Piuttosto, l’aumento della discriminazione è interamente attribuito alla diminuzione della costante di velocità apparente per il clivaggio.
Nelle nostre descrizioni della cinetica degli enzimi Cas9 finora, i tassi di decadimento osservati delle reazioni sono stati stimati sulla base dei dati di adattamento alle funzioni esponenziali, che producono autovalori che sono di solito funzioni complesse di più costanti di velocità17. Per comprendere appieno la cinetica e il meccanismo, tutti gli esperimenti per ogni enzima e substrato di DNA sono stati adattati globalmente basato sull’integrazione numerica delle equazioni di tasso utilizzando un unico modello unificato (Fig. 5 e figure supplementari. 10-14). Dati globali raccordo mostra che il nostro modello minimo (Fig. 5f, inserto) conti per i nostri dati e ciascuna delle costanti di tasso è ben definito sulla base di analisi dei contorni di fiducia testando la misura in cui ogni parametro è vincolato dai dati (Fig. 6) 17,28. Si noti in particolare che i nostri conti modello per le tracce bifasiche visto in alcuni esperimenti senza dover invocare eterogeneità, e fornisce costanti di tasso intrinseco per ogni passo del percorso tra cui R-loop formazione e HNH e RuvC eventi scissione. Anche se è probabile che ulteriori riarrangiamenti strutturali non risolti possano essere richiesti per l’allineamento dei residui catalitici per la scissione del DNA, questi non sono ancora stati risolti come eventi cineticamente distinti. Il modello attuale rappresenta un percorso minimo necessario e sufficiente per rappresentare tutti i dati disponibili, e può essere facilmente ampliato come nuove informazioni diventano disponibili per definire ulteriori passi nel percorso.

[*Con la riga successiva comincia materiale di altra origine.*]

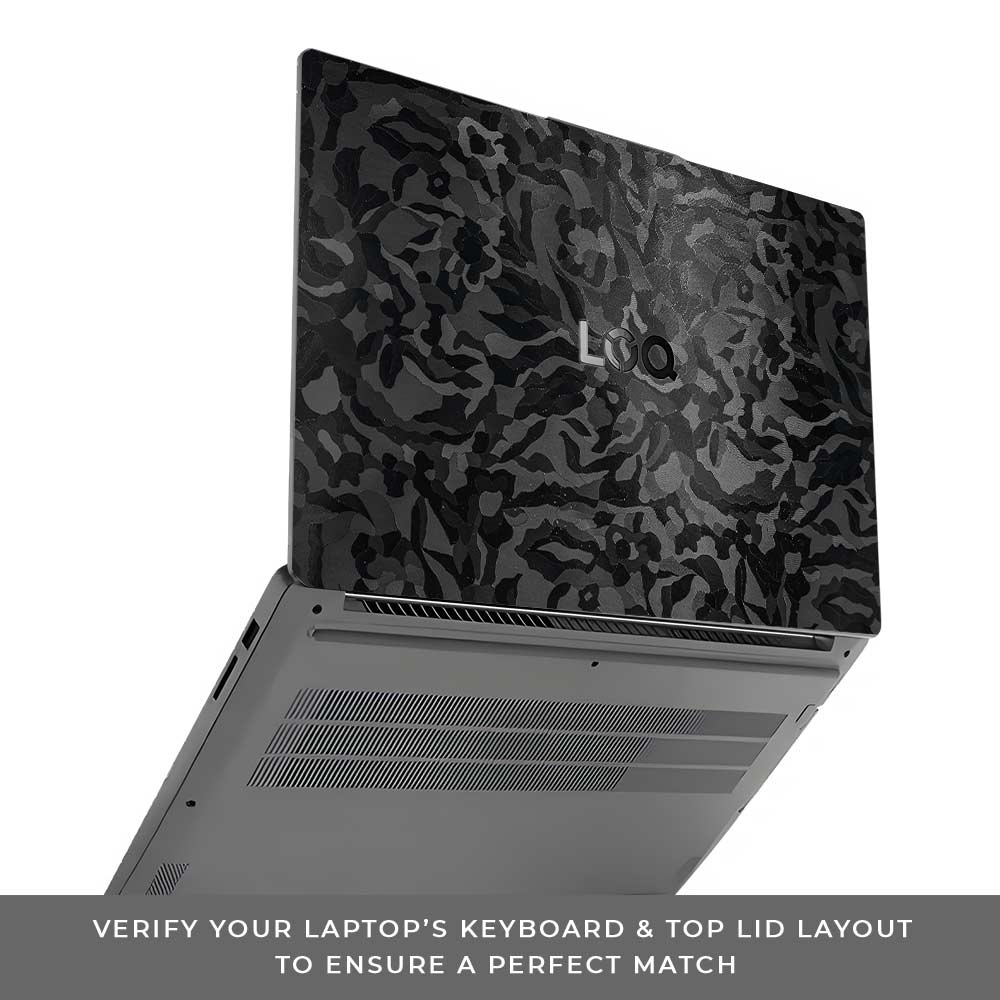 Textured Black Camouflage Lenovo LOQ Essential 15IAX9E Laptop Skin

Per comprendere la specificità enzimatica, costanti di tasso deve essere interpretato nel contesto di tutti i passi cineticamente rilevanti come illustrato nel profilo di energia libera (calcolato utilizzando Eq. (4) dalle costanti di velocità nella tabella 1).

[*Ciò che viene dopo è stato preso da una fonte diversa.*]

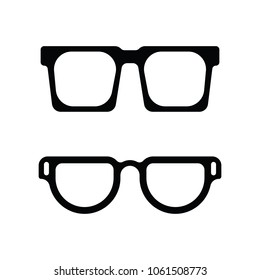 Two pairs of thick frame eye glass icons in vector format.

Il coefficiente di trasmissione A = 0,001
Perché l’adattamento globale dei dati fornisce le costanti di velocità per ogni passo rilevante (Figg. 5 e 6), possiamo costruire un profilo di energia libera in buona fede (Fig. 7b, e Figg. supplementari 10-14). I profili di energia libera confrontando SpCas9, HypaCas9, e Cas9-HF1 mostrano un cambiamento nei passaggi che limitano la velocità e determinano la specificità. La specificità dell’enzima è definita da kcat/Km ed è data dalla più alta barriera complessiva relativa allo stato di partenza, mentre la velocità massima, kcat, è definita dalla più alta barriera locale relativa allo stato precedente, attenuata da qualsiasi passo di equilibrio rapido precedente. Poiché le costanti di velocità per la formazione di R-loop non cambiano significativamente con diversi substrati e varianti dell’enzima, la specificità è governata in gran parte dal partizionamento cinetico del Cas9 R-loop, stato EDH nel nostro modello cinetico (Fig. 5f, inserto), sia per andare avanti con conseguente scissione irreversibile contro il rilascio tramite ri-ricottura del DNA ed espulsione dall’enzima. Le più alte barriere complessive per la scissione viste con le varianti ad alta fedeltà aumentano la probabilità di partizione cinetica per favorire la dissociazione del DNA (Fig. 6c).